# TASK STATEMENT
The output must match the lines from the first line of the listing below through the line holding "Happy Birthday Confetti" exactly and must contain no pictures.

SOURCE RECORDS START

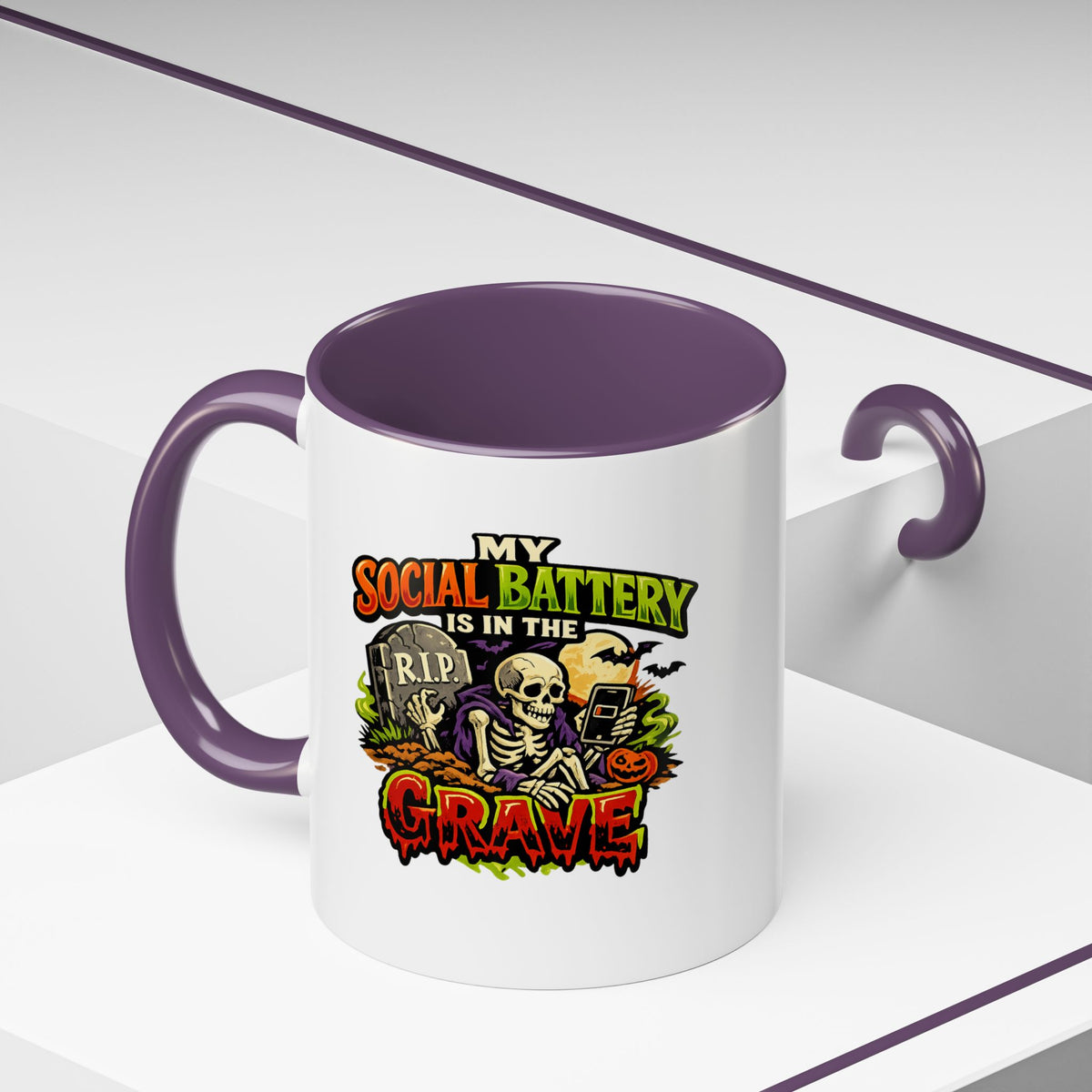 Halloween  Social Battery Is Low Accent Coffee Mug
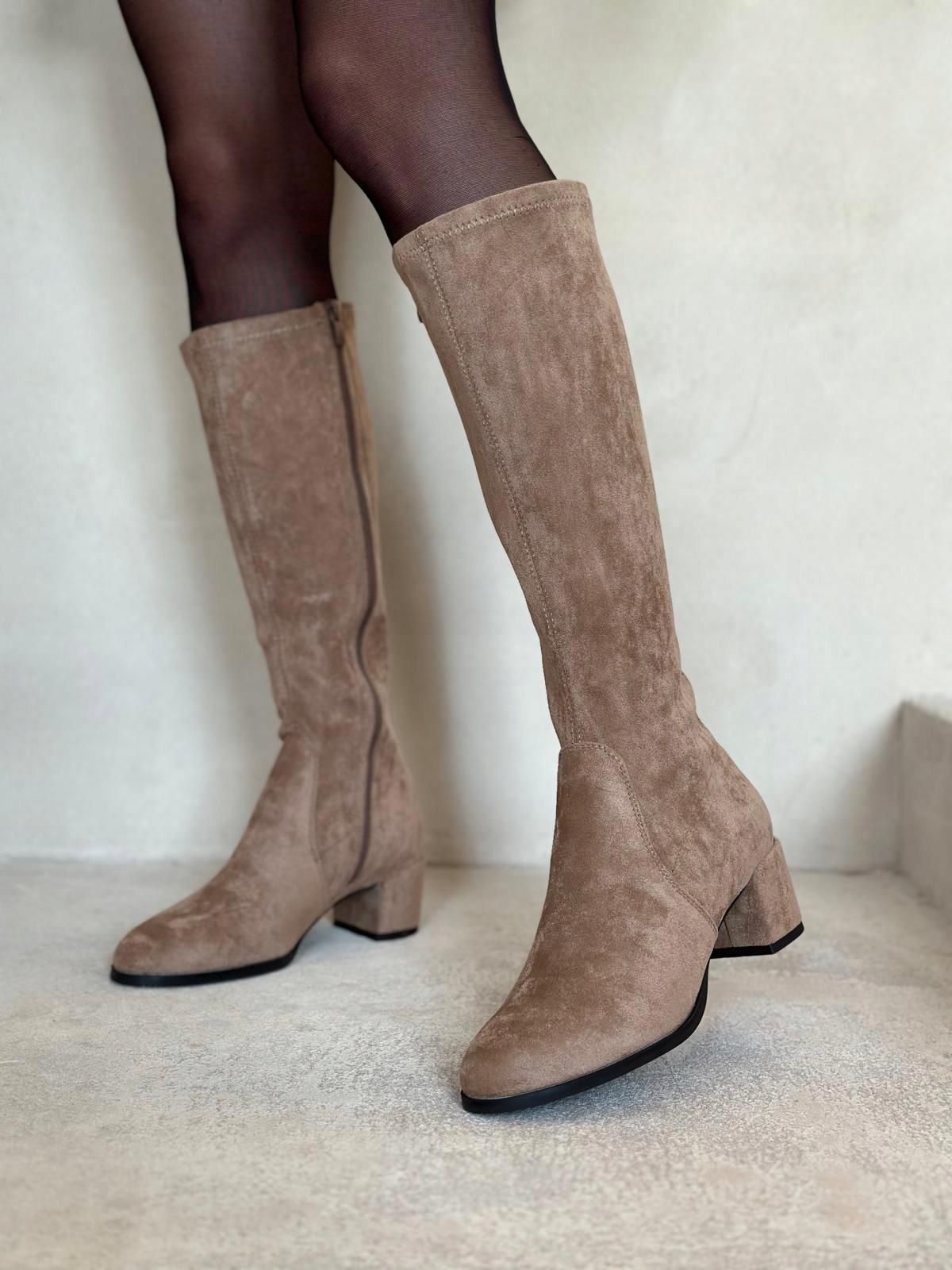 Kozaki Damskie Na Słupku Sergio Leone KZ205 Beżowe Zamszowe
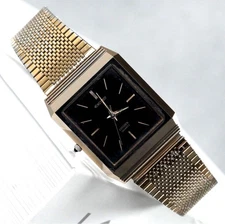 Rare Citizen Exceed Rectangular Lefty Watch Gold Color B Condition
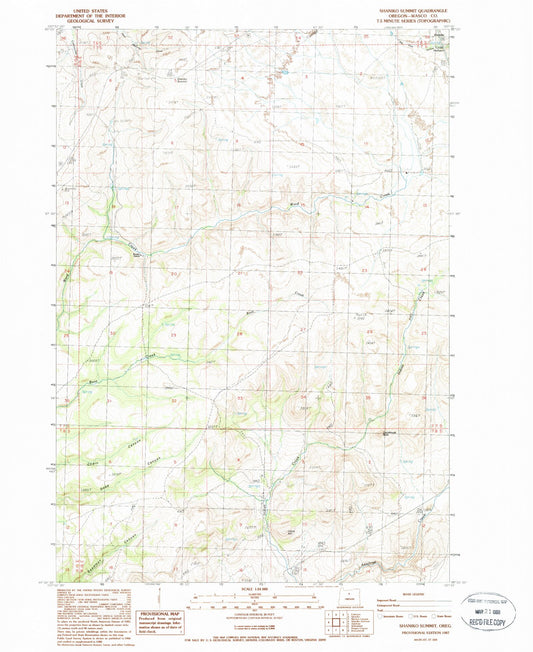 Classic USGS Shaniko Summit Oregon 7.5'x7.5' Topo Map Image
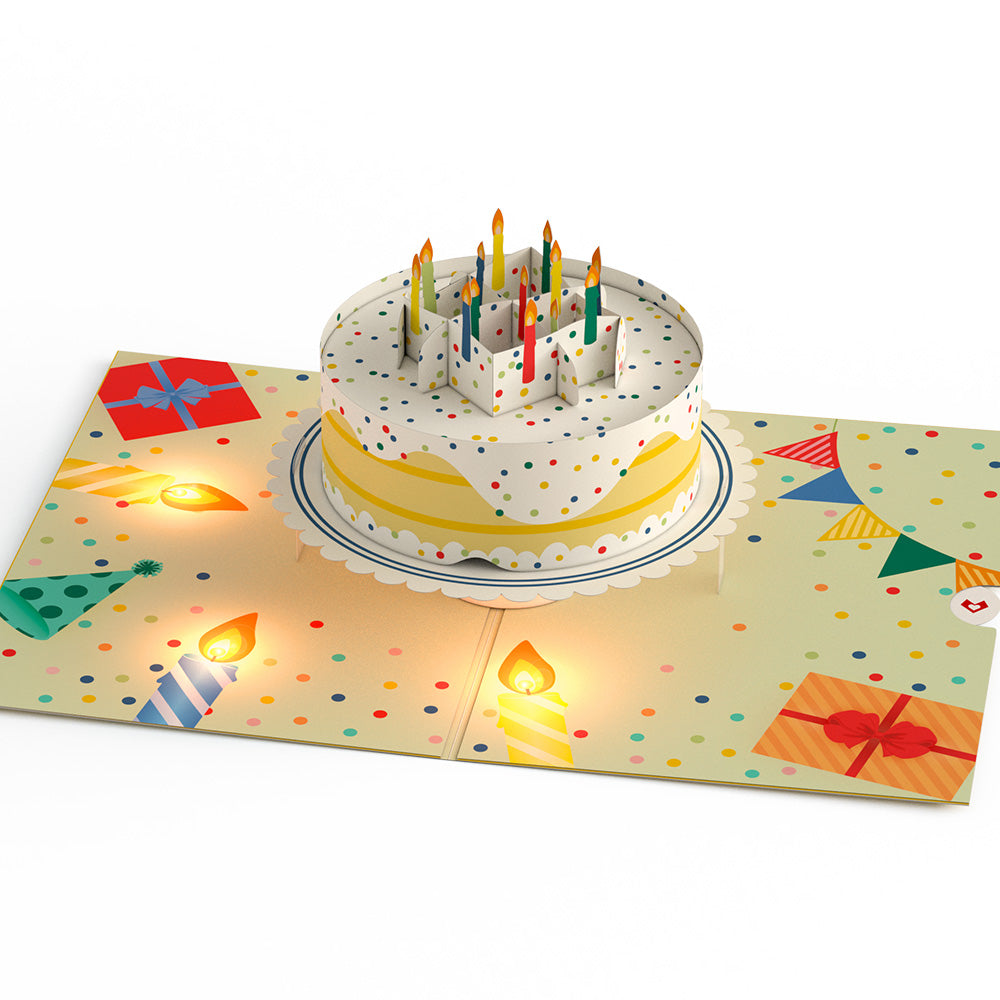 Happy Birthday Confetti Cake Music and Lights Pop-Up Card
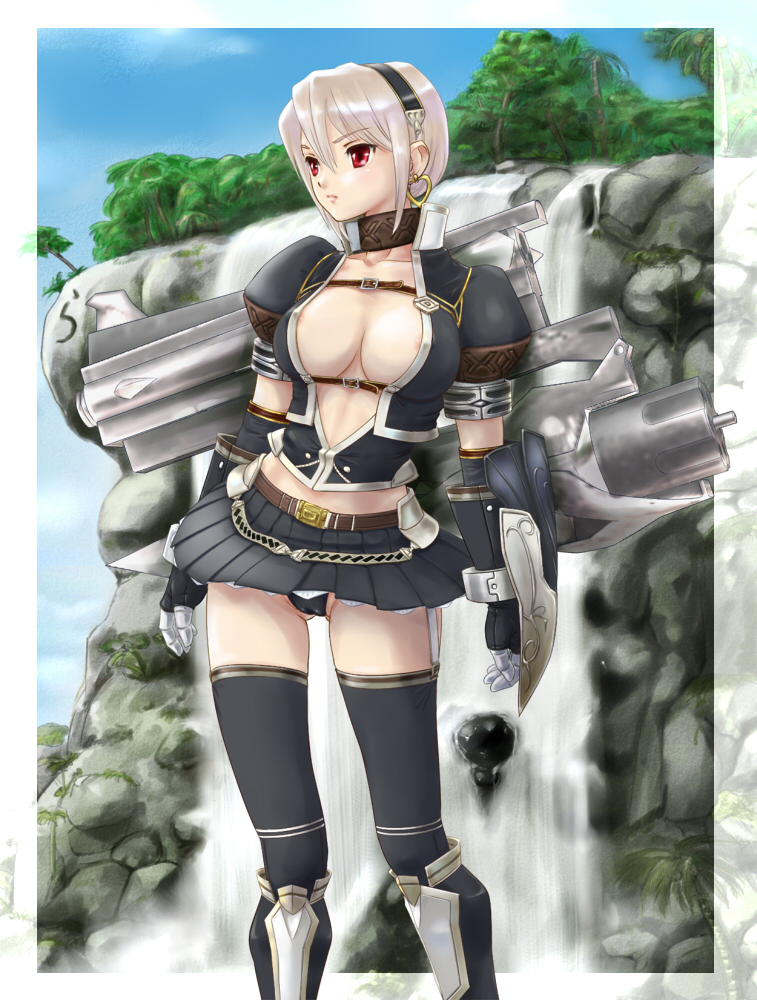 albino areola_slip areolae armor breasts earrings gun jewelry large_breasts meran_(armor) miniskirt monster_hunter monster_hunter_frontier panties rasukaru red_eyes short_hair skirt solo thighhighs underwear weapon white_hair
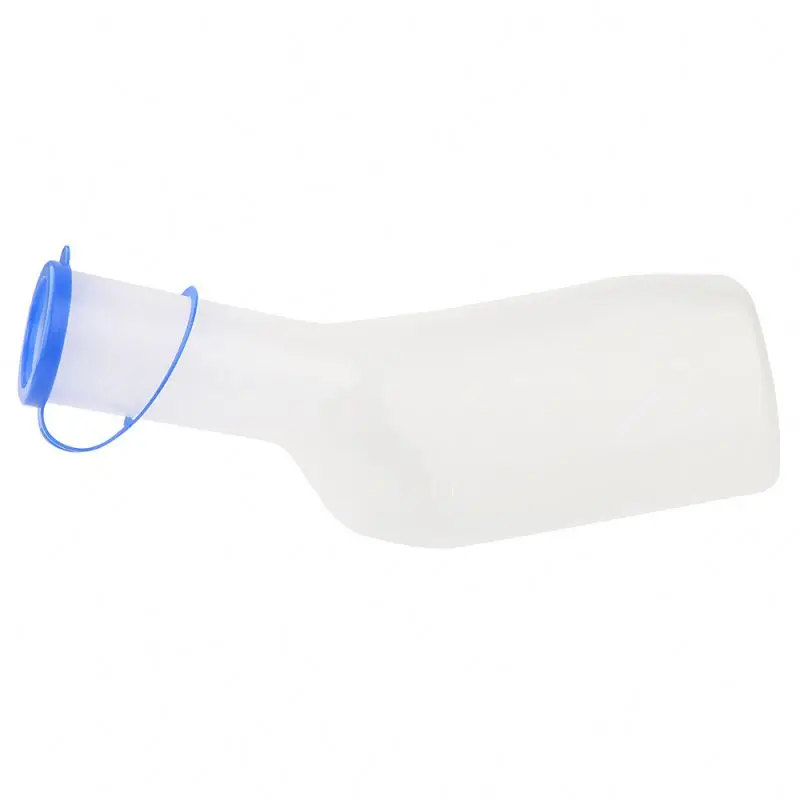 Good quality reusable 1000ml capacity transparent blue male urinal portable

SOURCE RECORDS END

# ANSWER SECTION
 Halloween  Social Battery Is Low Accent Coffee Mug
 Kozaki Damskie Na Słupku Sergio Leone KZ205 Beżowe Zamszowe
 Rare Citizen Exceed Rectangular Lefty Watch Gold Color B Condition
 Classic USGS Shaniko Summit Oregon 7.5'x7.5' Topo Map Image
 Happy Birthday Confetti Cake Music and Lights Pop-Up Card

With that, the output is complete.